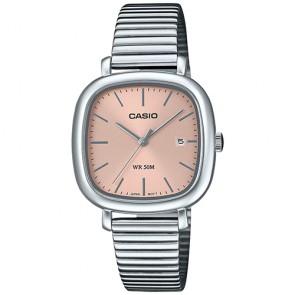 Casio Watch Collection LTP-B166D-4AVEF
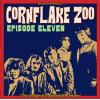 various: cornflake zoo episode eleven ‘the original psychedelic dream’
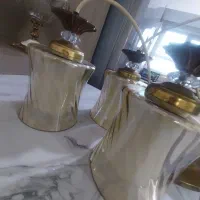 لوستر آشپزخانه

────────

■ Exercise goal: Beginning with the line that bears "various: cornflake zoo", output each line through the last line of the listing exactly, and no others; skip the pictures.

■ Answer to the problem:
 various: cornflake zoo episode eleven ‘the original psychedelic dream’
 لوستر آشپزخانه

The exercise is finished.